• **Task brief**: Would you transcribe the entries below, beginning at the line with "Тесто замесить руками, если" and ending after the line with "Cute Walk by", exactly, with no picture and nothing more?

• **Excerpted data**:
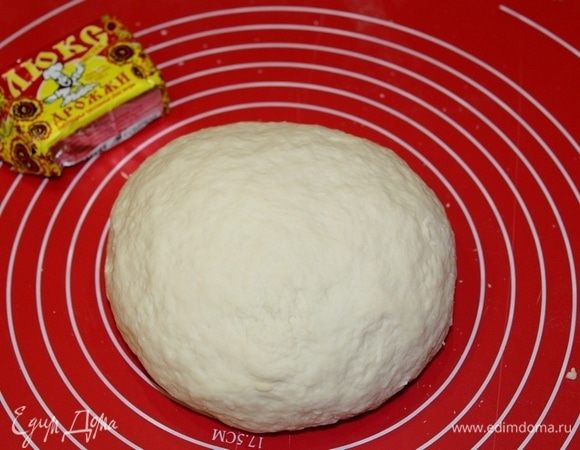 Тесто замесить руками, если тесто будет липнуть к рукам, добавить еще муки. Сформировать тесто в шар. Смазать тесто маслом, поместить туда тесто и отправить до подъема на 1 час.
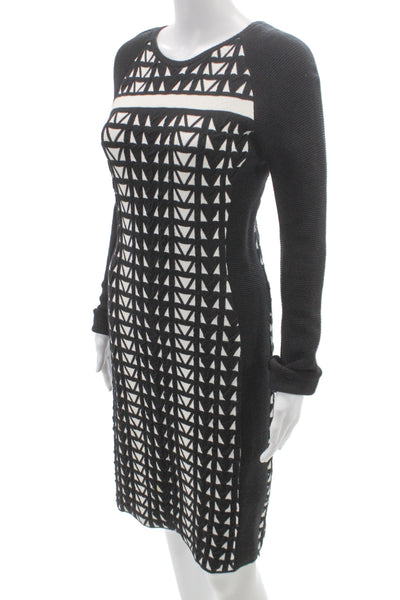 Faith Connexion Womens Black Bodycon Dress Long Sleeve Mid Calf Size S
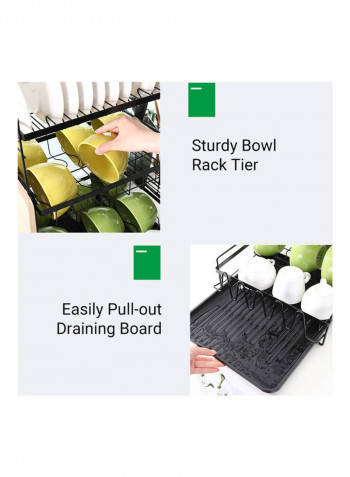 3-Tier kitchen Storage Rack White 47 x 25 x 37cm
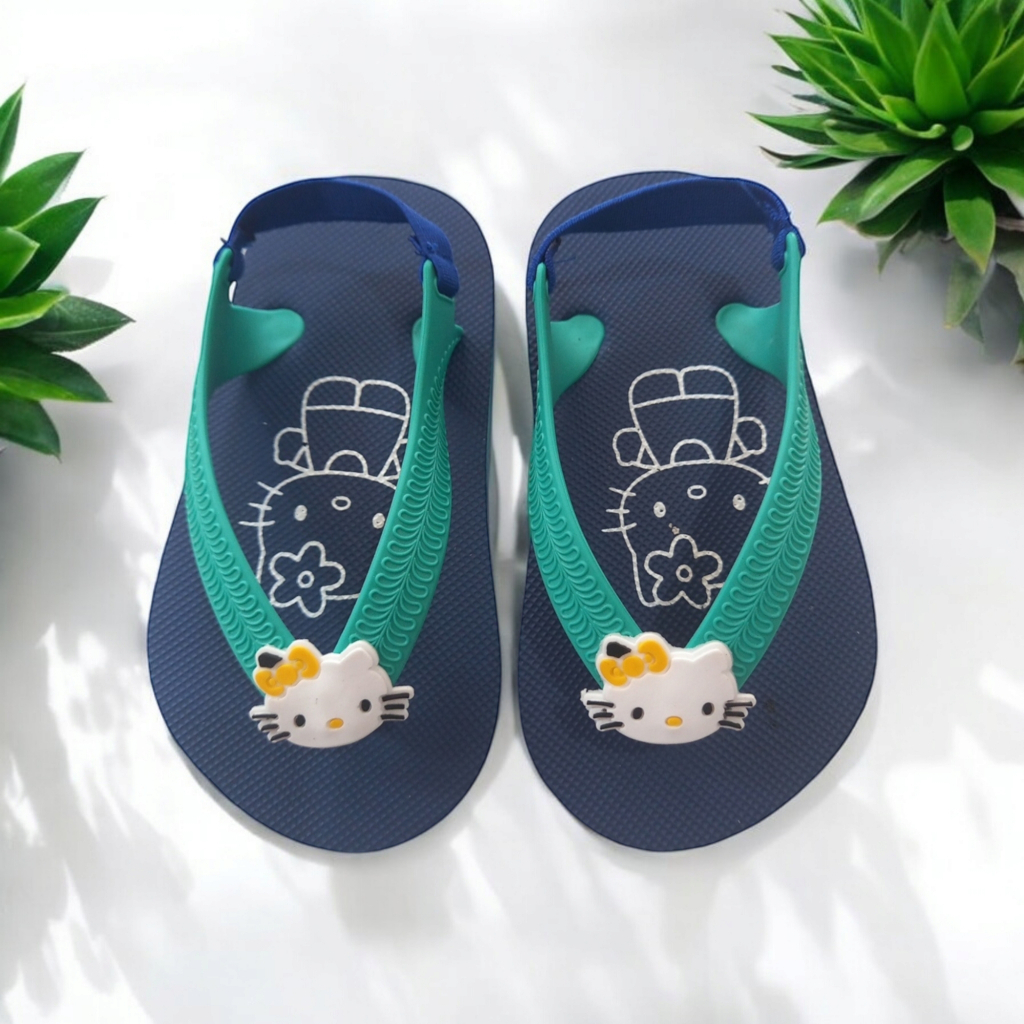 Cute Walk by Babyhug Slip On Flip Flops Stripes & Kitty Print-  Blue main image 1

...

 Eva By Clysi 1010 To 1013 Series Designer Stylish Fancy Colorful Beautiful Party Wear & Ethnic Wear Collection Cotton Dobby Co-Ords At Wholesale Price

• **Output**:
 Тесто замесить руками, если тесто будет липнуть к рукам, добавить еще муки. Сформировать тесто в шар. Смазать тесто маслом, поместить туда тесто и отправить до подъема на 1 час.
 Faith Connexion Womens Black Bodycon Dress Long Sleeve Mid Calf Size S
 3-Tier kitchen Storage Rack White 47 x 25 x 37cm
 Cute Walk by Babyhug Slip On Flip Flops Stripes & Kitty Print-  Blue main image 1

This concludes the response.